12 Akutuq, sometimes called Eskimo ice cream, is a treat enjoyed by the Alaskan Eskimos (the Inuit are those in the Canadian north). It takes a long time to prepare and is made from caribou fat and marrow, seal oil, snow and berries. It is whipped (women used to hold singing parties while doing so) for an hour or more until it is light and creamy.

11 In Tibet and Mongolia, a tea is sometimes drunk made from heavily salted, rancid mare or yak's milk. Yak's milk is pink of course, due to a taint of blood. Except it isn't - that's just a rancid old myth.

10 They taste a bit like chicken (what doesn’t?). They taste like sweet fresh cream. They taste a bit like prawns. They taste like scrambled eggs. Mmm, what are they and can I have some now? They’re the larvae of the ghost moth, also known as witchetty grubs? Actually, I’ll take a lifelong raincheck on these Aussie overgrown maggots.

9 What to do with a honking great half-fish / half-monster full of bones and tasting of silt? How about jellied eels - a speciality of London's East End. Anything that has to be masked with a layer of slime made from calves’ hooves and served with various pungent sauces is probably fairly rank to begin with.

8 L’enfer c’est les autres, they say. But hell is also other people’s offal. I’ll happily tuck into liver and onions, but watching Turks sup up a plateful of kidneys or South East Asians tucking into blood and entrail stew, well, no thanks. And may I never have to nibble on the humble andouillette, a French sausage made from that foul tummy cloth known as tripe.

7 As with the oyster, the food of the poor often in time becomes that of the rich. A rustic Italian stew called cibreo is another good example. Using those bits of a chicken most of us don’t want to sample, namely the testicles and combs of the cockerel, it has become an unlikely delicacy. And while we’re on the subject of testicle eating (orchiophagy to give it its posh name), why all the coy euphemisms - 'calf fry' and 'mountain oysters'?

6 You may have heard of kopi luwak, the world’s most expensive coffee. Gourmet delicacy or money-stripping con, you decide. The luwak is a Sumatran palm civet, a mammal which feeds on the fruit surrounding the coffee bean. The half-fermented beans are harvested from their faeces and are sold for up to £1000 per kilo. Just a cup of Maxwell House for me please, Mabel.

5 Though a fabulous cuisine blending SE Asian and Spanish recipes, some Filipino food can seem odd to the Westerner. Everything is sweeter - a lasagne sauce will taste pretty much like custard, bread like cake.
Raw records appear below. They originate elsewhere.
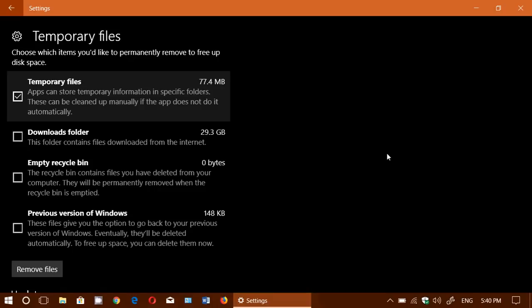But you can go here and just delete temporary files and try to get more space from your hard drive.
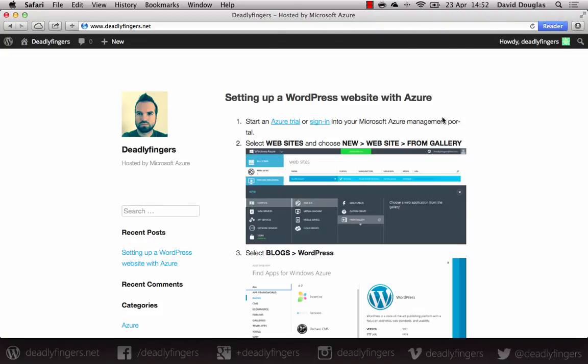Hi, I'm Dave Douglas. Today I'm going to show you how to set up a WordPress website using Microsoft Azure.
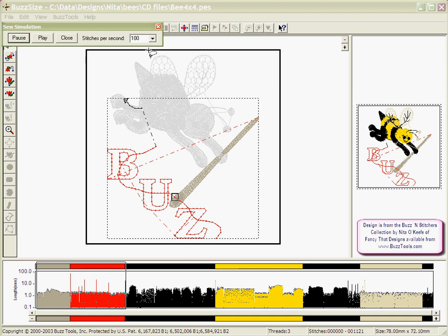To speed up or slow down this simulation, select a lower or higher number from the stitches per second pull down menu.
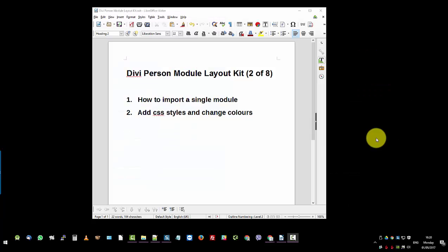Hi, this is Mr. C from Divi Den. In this video I'm going to cover the Divi Person module layout kit number two of eight, how to import a single module, how to add styles, change colors and make a new global.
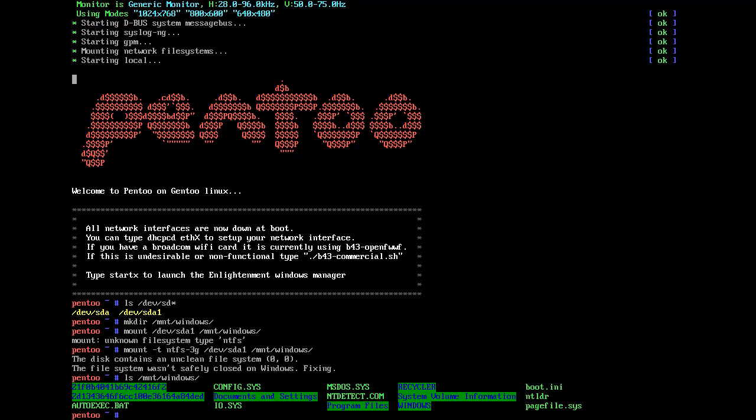And then if you do ls /mnt/windows/, I have everything on there, that's my Windows. In this case it's my Windows XP one, but it could just as well be your Vista one or your Windows 7 one.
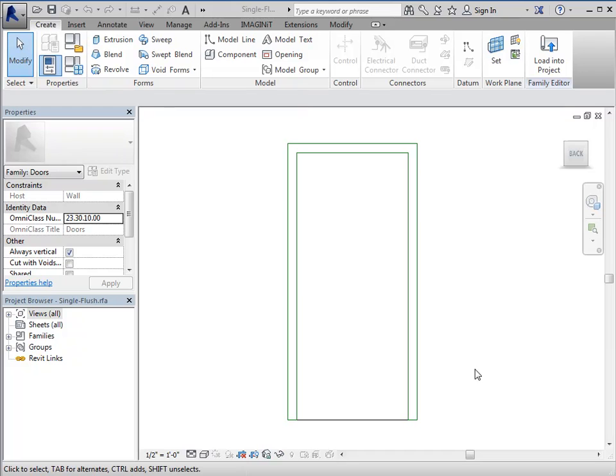In this video we're going to take an out-of-the-box door and add a frame to it. The default out-of-the-box content with Revit does not have an actual frame, it just has trim.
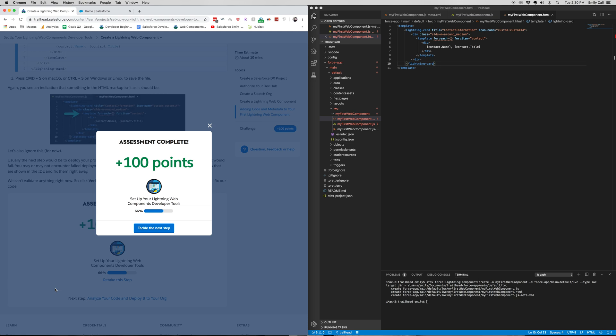Alright, thank you for joining me for part 2 of Set Up Your Lightning Web Component Developer Tools. Be sure to join me for part 3. This will be our final part.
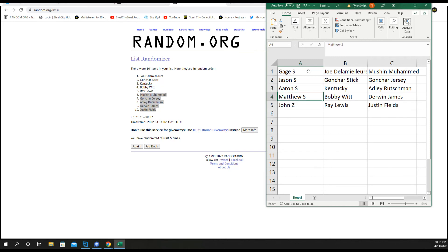Matthew, Bobby Witt, Derwin James, John Z with Ray Lewis and Justin Fields.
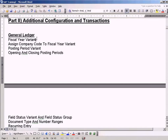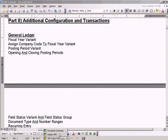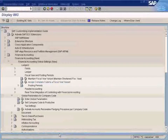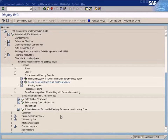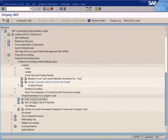Once we have created the fiscal year variant, we need to assign a company code to the fiscal year variant. In an earlier topic I showed you how to assign a fiscal year variant to the company code. There are two ways of doing it. The first way, of course, is you can set it in the global parameters over here. You can set it here.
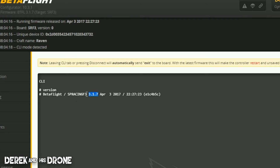This is an original SP Racing F3 board, and looking at the target and the spelling here, this tells us our firmware target for this board. I'm putting a lot of emphasis on this because this little bit of information is very, very important — you need to be 100% positive when you're flashing firmware to the board. This is why this topic gets its own video.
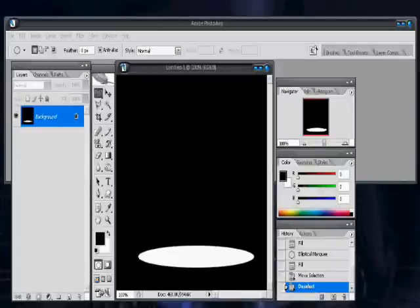Hi, welcome to my first video tutorial, and right now we're going to be making a spotlight effect.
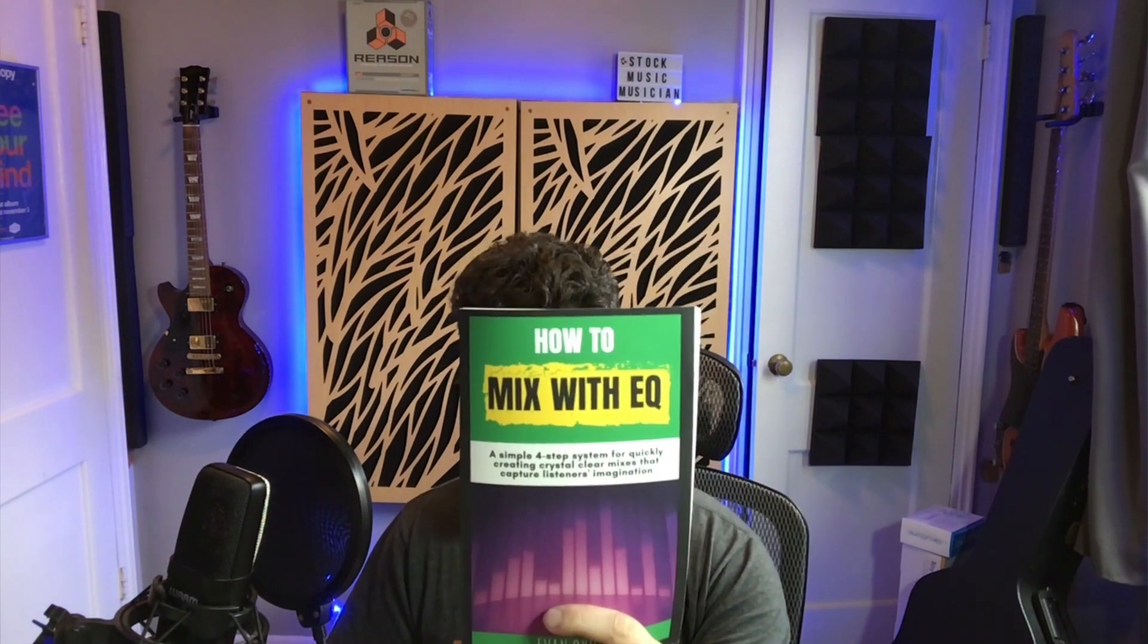Hi, this is Evan from Stock Music Musician, and in this video I want to teach you how to EQ loops and samples. I'm also the author of the book How to Mix with EQ. I'll put a link to that in the description if you really want to learn more about EQ, but I'm going to talk briefly about my theory on how you EQ and how you can apply that to loops.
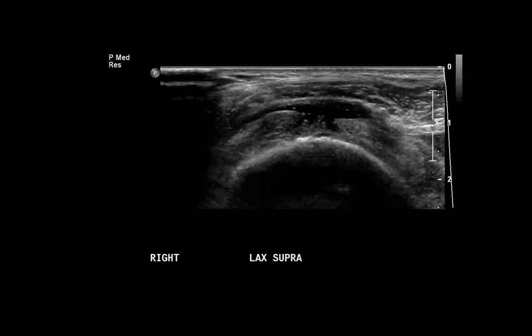Hello everyone and welcome to week four of the MSK unknown case series. This is a great case, I'm really excited about it so let's dive right into it. This is a 66-year-old female presenting with chronic right shoulder pain.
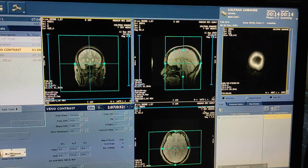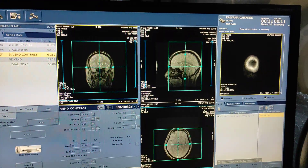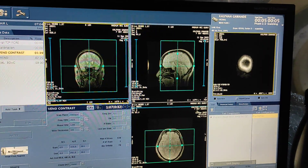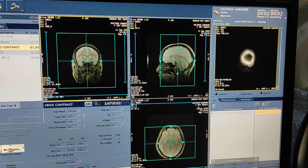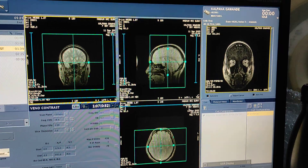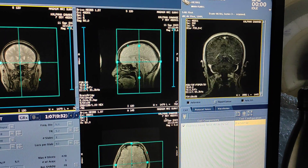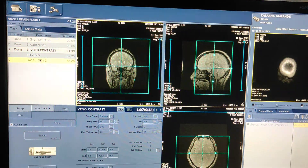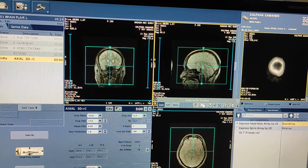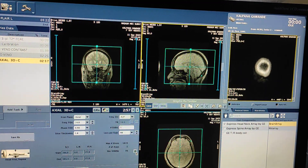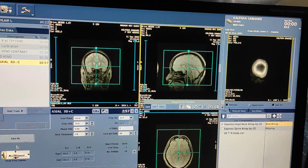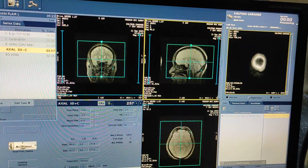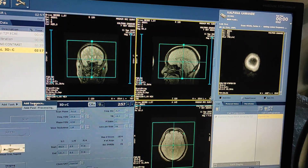This is how you do contrast venography on a GE 1.5 Tesla. You can include whatever phases you want. This is the delayed contrast for the venous phase. I will show you the reconstruction on the workstation for the 3D gel images.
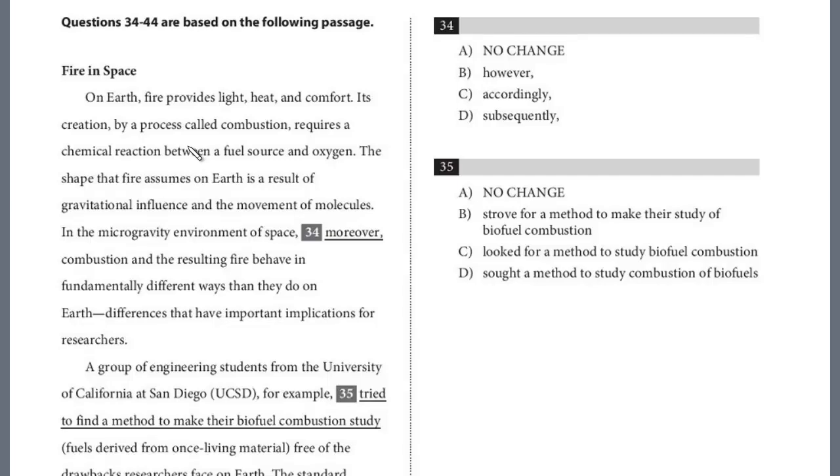In this lesson, we'll continue our review of Writing Test 8, Section 2. We're now on the fourth and final passage, Fire in Space.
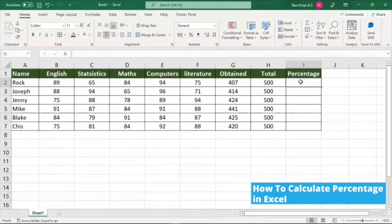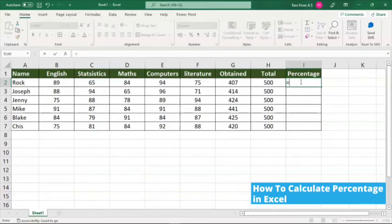Now let's calculate percentage. Usually, we use the divide by option — that is, divide the total number of marks obtained by the total number of marks available. We will be dividing 407 by 500 and then multiplying that into 100. That's how we calculate the percentage. So, cell G2 divided by cell H2.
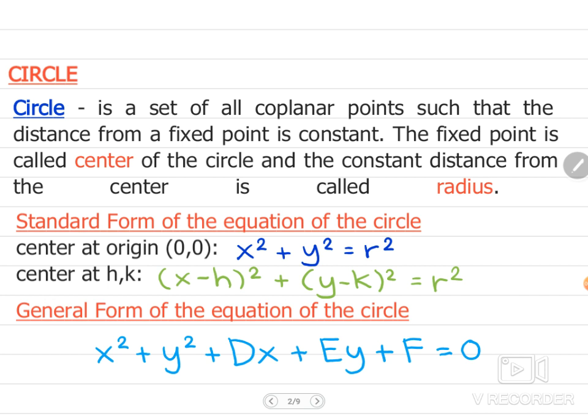The standard forms of the equation of a circle are the following. Number 1, center at the origin or (0, 0): the standard form is x squared plus y squared is equal to r squared. While for center at (h, k), the standard form is the quantity (x minus h) squared plus the quantity (y minus k) squared is equal to r squared. The general form of the equation of a circle is x squared plus y squared plus dx plus ey plus f is equal to 0.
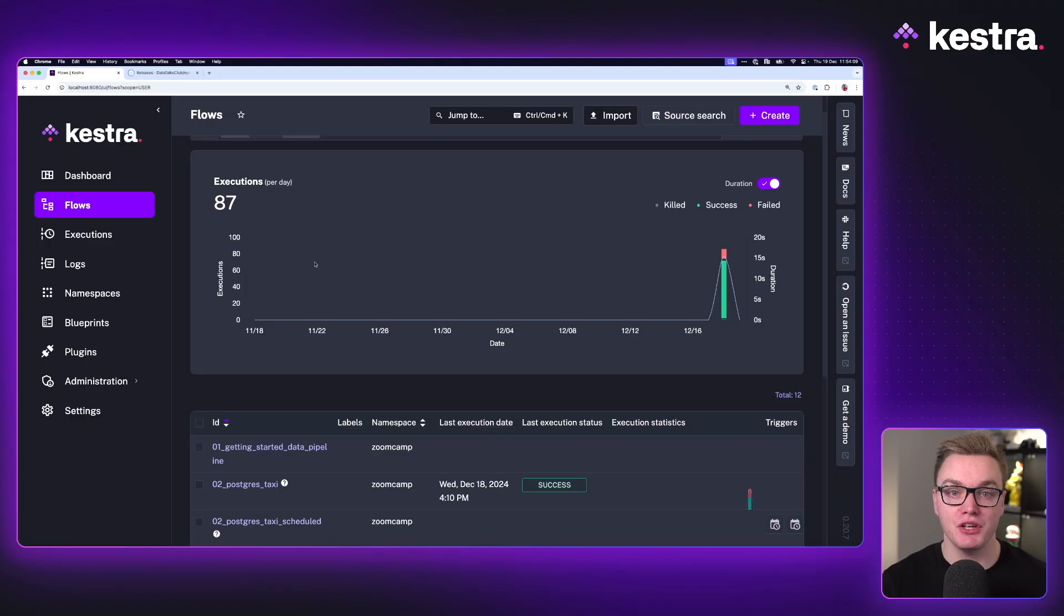Hi there, my name is Will, and today we're going to look at the next part of the data engineering Zoom course where we can start using schedules and backfills to automate our pipeline. Jumping into Kestra, what we did previously was we built a Postgres pipeline.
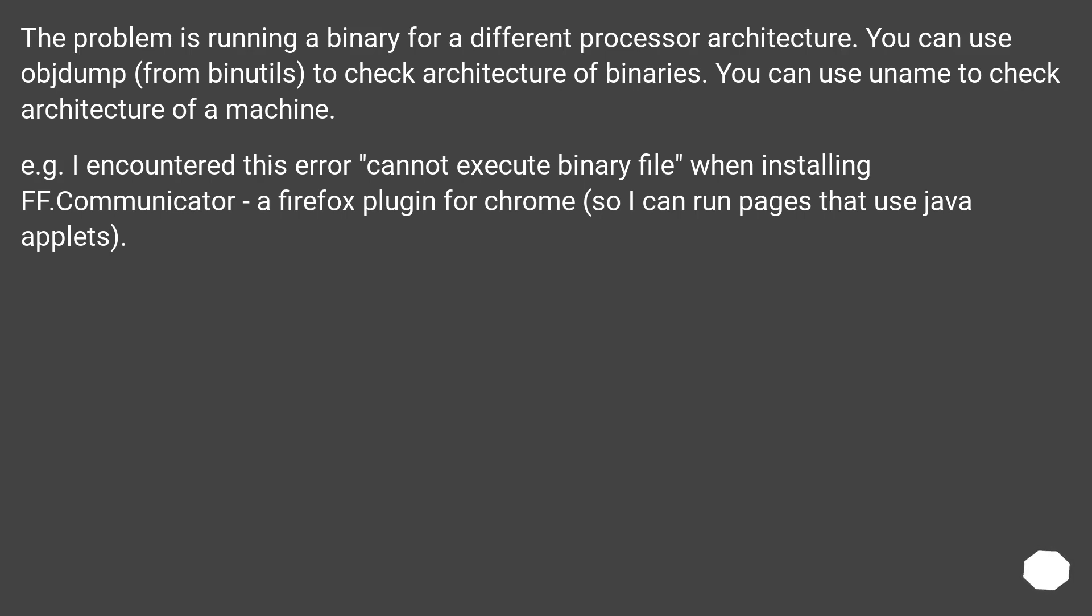The problem is running a binary for a different processor architecture. You can use objdump from binutils to check architecture of binaries. You can use uname to check architecture of a machine.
But the ‘scare the tourist’ food in Manila is the balut - an incubated duck egg with a half formed chick which is boiled and eaten with salt. The true balut experience is not complete unless you feel the beak catch momentarily in your throat!

4 Casu marzu is a Sardinian pecorino cheese which has now been banned by the Italian authorities. It is livid with small maggots. Farmers claim these are just oversized bacteria, but the cheese has been ripened outdoors uncovered and in truth, flies have been laying their eggs all over it. Inevitably, it is considered an aphrodisiac. Some slightly squeamish cheese lovers wrap the cazu in an airtight bag and wait for the noise of wriggling and hatching to stop, then enjoy.

3 The proper way of preparing escargots (snails) for cooking is to starve them for a week, or perhaps feed them only herbs to give them flavour. They should be kept in wooden boxes to help dry them out. They are then covered in salt at which point they begin disgorging and foaming as all their inner juices leak out. They are then cleaned, their pancreases are removed and they are scalded and boiled.

2 Fancy some cucumber? Not if it’s the brown, cone-like sea cucumber, known also as beche de mer or ho cham. A relation of the sea urchin, it is said to have a bitter taste and a rubbery, gelatinous consistency. Sour, slimy starfish with fries and a shake anyone?

1 Common street food in Cambodia, deep fried tarantulas must be the dish I most hope I never have to try. The legs are crunchy and fibrous, the head contains soft white meat and the abdomen is filled with a cooked brown mush consisting of innards and excrement. Bon appetit!